If you’re in this post, you probably arrived here after searching for information about the Super Bowl. It’s probably fair to guess you arrived here via Google, which has been synonymous with “search” for the better part of two decades now. If so, welcome. You may not know it, but a long-running war has just been fought on your behalf.
Well, I say on “your behalf.” That is, in fact, not entirely true. To digital media (hey, that’s us), people searching for information aren’t really people, but resources to be captured and monetized. Lots of people are out there looking for Super Bowl information, so “demand” is high, and by the rules of economics, supply will also be high. This is why more or less every digital outlet on the planet has published (or will publish) something with a headline very similar to the one you just clicked on.
This war is fought on an unusual, mathematical battlefield. Clicks from potential readers follow Google’s search rankings predictably, with a precipitous drop-off to links that aren’t at the top of its list. Scoring highly on Google’s algorithm is the key to making money off search traffic. Unfortunately, Google’s algorithm is shifting and opaque, and reliably “winning” is difficult.
The inscrutability of Google’s entrails has led to digital media hiring a whole cohort of search-diviners. The Search Engine Optimizers are not an inherently bad crowd — some of my best friends are members of the priesthood — but they are indicative of the way this battle has impacted the overall media landscape, creating a sort of search-industrial complex as everyone battles for a share of the pie*.

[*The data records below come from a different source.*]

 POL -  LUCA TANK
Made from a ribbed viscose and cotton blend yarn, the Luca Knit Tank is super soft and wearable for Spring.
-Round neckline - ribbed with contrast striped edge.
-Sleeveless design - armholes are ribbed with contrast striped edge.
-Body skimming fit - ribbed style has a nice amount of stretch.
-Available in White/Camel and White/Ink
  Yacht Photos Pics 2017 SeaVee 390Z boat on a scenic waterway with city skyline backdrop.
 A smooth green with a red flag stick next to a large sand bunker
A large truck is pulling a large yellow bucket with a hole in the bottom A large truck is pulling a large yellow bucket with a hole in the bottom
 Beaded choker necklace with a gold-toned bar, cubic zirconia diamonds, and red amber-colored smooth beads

*I don’t think you’re a pie, fractional or otherwise. Just wanted you to know.
SEO staffers track demand around events. Did you know, for instance, that the Little League World Series is an important part of the sports calendar, at least by search audience? Now you do. Headlines are assigned to writers, with advice on metadata (don’t ask), URL, and even length and paragraph structure. That’s how you end up with paragraphs like:
Super Bowl LIV will be played on February 2, 2020, at Hard Rock Stadium in Miami, Florida. The game, which will be contested by the AFC’s Kansas City Chiefs and the NFC’s San Francisco 49ers, will kick off at 6:30 p.m. ET (5.30 p.m. CT; 3.30 p.m. PT). In the United States, you can watch on Fox. The “Pepsi Super Bowl LIV Halftime Show” will be co-headlined by Jennifer Lopez and Shakira.
You’ve read that one already in this post, but poking about on the internet will result in the discovery of hundreds, and quite probably thousands, of equivalent paragraphs. Writers and outlets are falling all over themselves to scream the exact same thing at potential readers.

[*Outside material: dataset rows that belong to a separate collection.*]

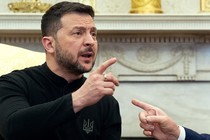 A man with a trim beard in a black collarless shirt pointing, with another man's finger pointing back.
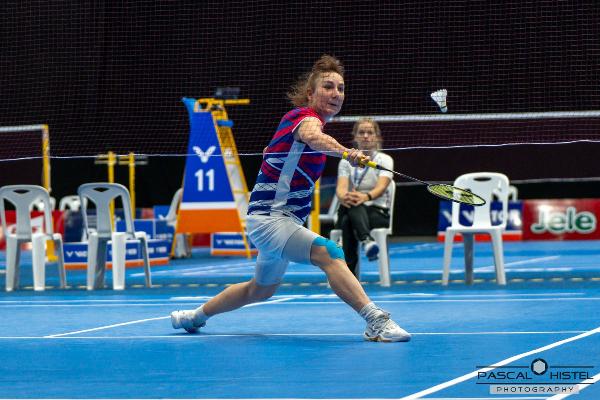 Tanja Eberl als Badminton-Spielerin in Aktion: Sie streckt sich nach vorne, um den Federball während eines Hallenspiels zu schlagen.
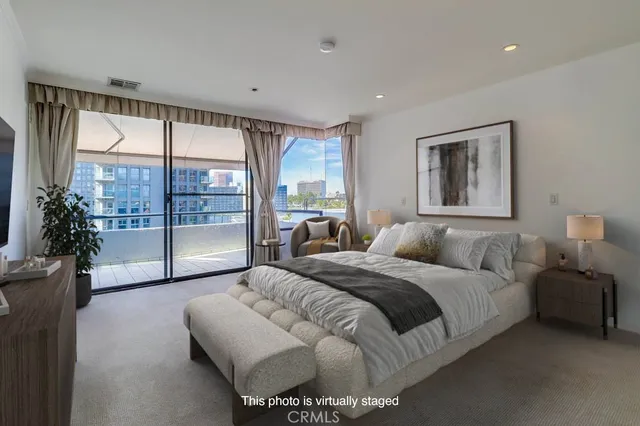 a bedroom with a large bed and a large window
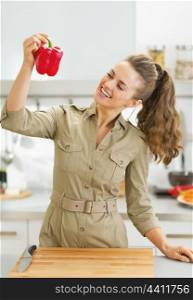 Happy young housewife holding red bell pepper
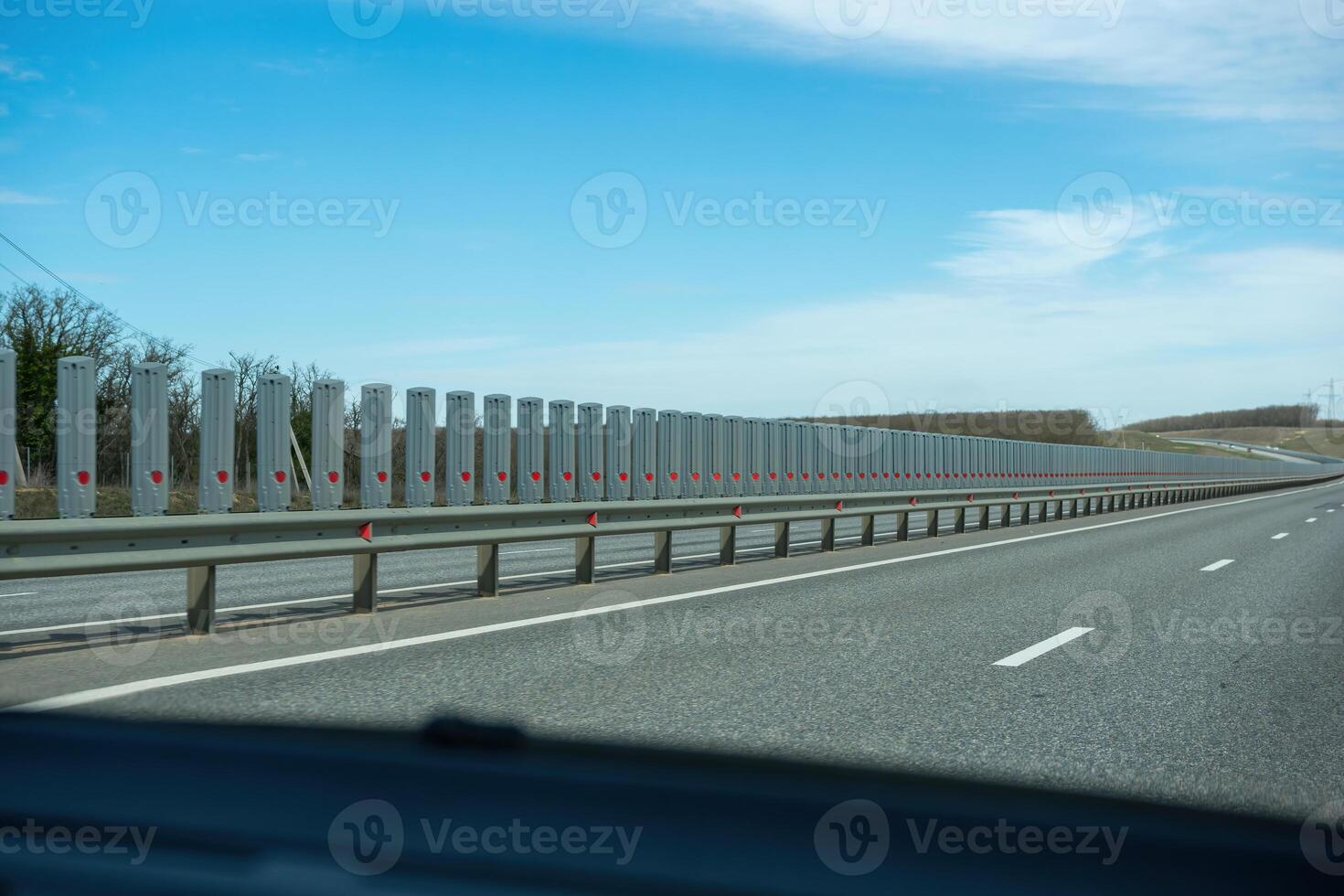 A road with a long line of metal posts with red hearts on them. The road is empty and the sky is clear. photo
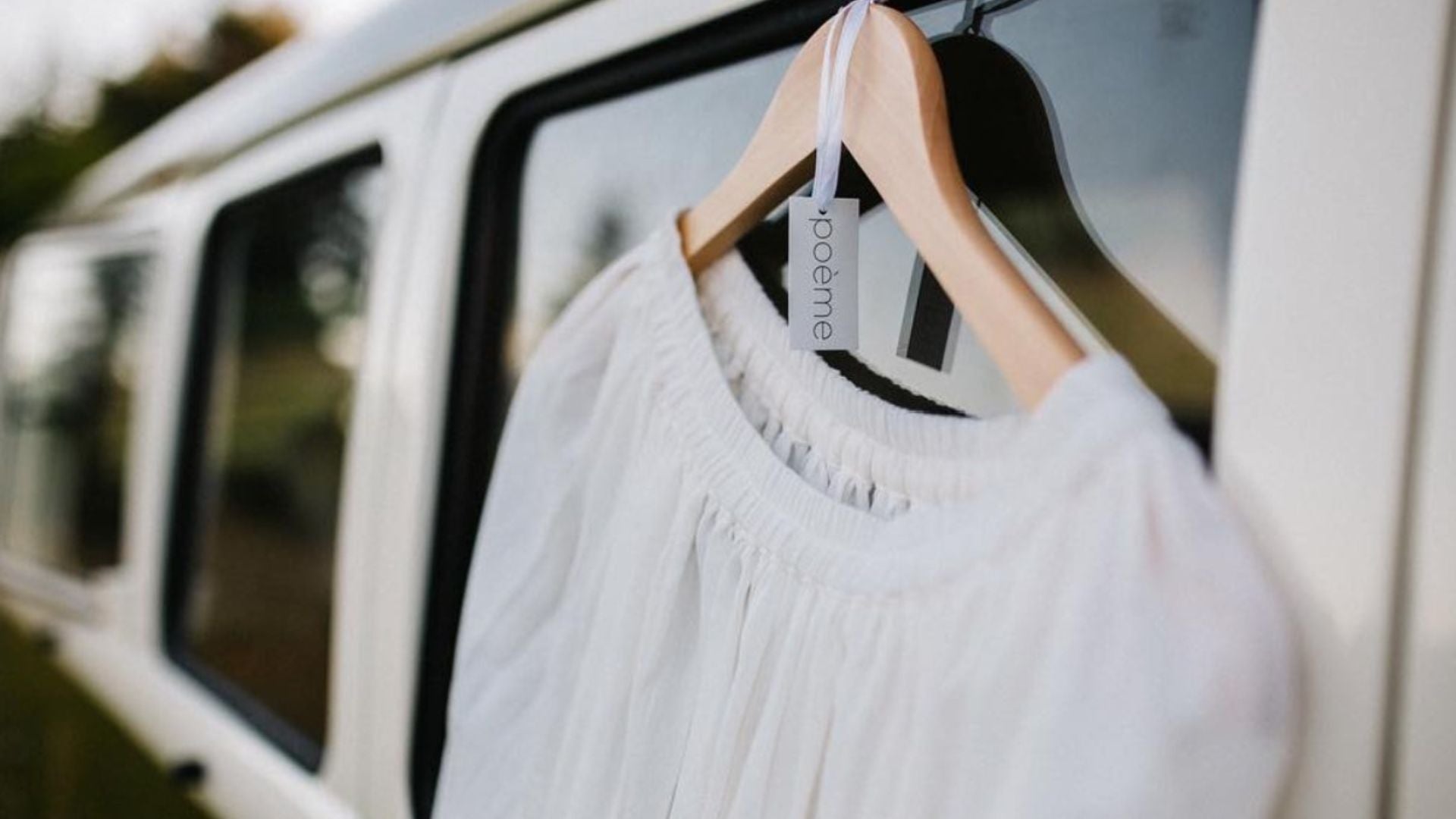 A white textured blouse hanging on a wooden hanger with a 'Poeme' tag, positioned in front of a white vehicle window.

In case you were wondering, this isn’t fun for us, either. We are told, of course, that the work we do to “capture” search traffic is important, not just for the bottom line but for the reader. Search-focused posts add value by providing useful information. That is true, so far as it goes, but let’s imagine whichever article currently occupies the top rank for “What time does the Super Bowl start” is annihilated by some sort of electronic misadventure. What would happen? Would fewer people know when the Super Bowl begins?
Nothing would happen. Article number two and every one below it would jump up a slot, and the readers would get the information they were looking for without noticing this new void in digital Super Bowl coverage. You could repeat this little thought experiment dozens of times, punting the SEO runner-up into oblivion, then the next one, the one after that, etc., etc., and still the readers wouldn’t notice.

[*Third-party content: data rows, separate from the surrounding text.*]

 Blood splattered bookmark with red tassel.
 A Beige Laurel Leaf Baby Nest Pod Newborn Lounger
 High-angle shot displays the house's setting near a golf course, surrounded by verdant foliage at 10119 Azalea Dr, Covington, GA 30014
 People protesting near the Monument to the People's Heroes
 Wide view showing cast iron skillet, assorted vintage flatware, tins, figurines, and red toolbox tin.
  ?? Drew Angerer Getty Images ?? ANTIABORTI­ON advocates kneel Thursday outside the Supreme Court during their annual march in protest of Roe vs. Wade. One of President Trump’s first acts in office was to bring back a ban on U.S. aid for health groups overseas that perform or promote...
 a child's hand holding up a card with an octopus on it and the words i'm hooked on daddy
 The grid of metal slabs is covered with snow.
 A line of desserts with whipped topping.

Search traffic has created a perverse incentive for everyone to write the same maddeningly dull post over and over again. Can we do anything about this? Almost certainly not. The machine is unstoppable. No matter what, thousands of hours of work will go into chasing readers like you and enticing them to various websites, each click worth fractions of a penny.
We can’t stop the great search machine. But we can, at least, be a little bit depressed about it.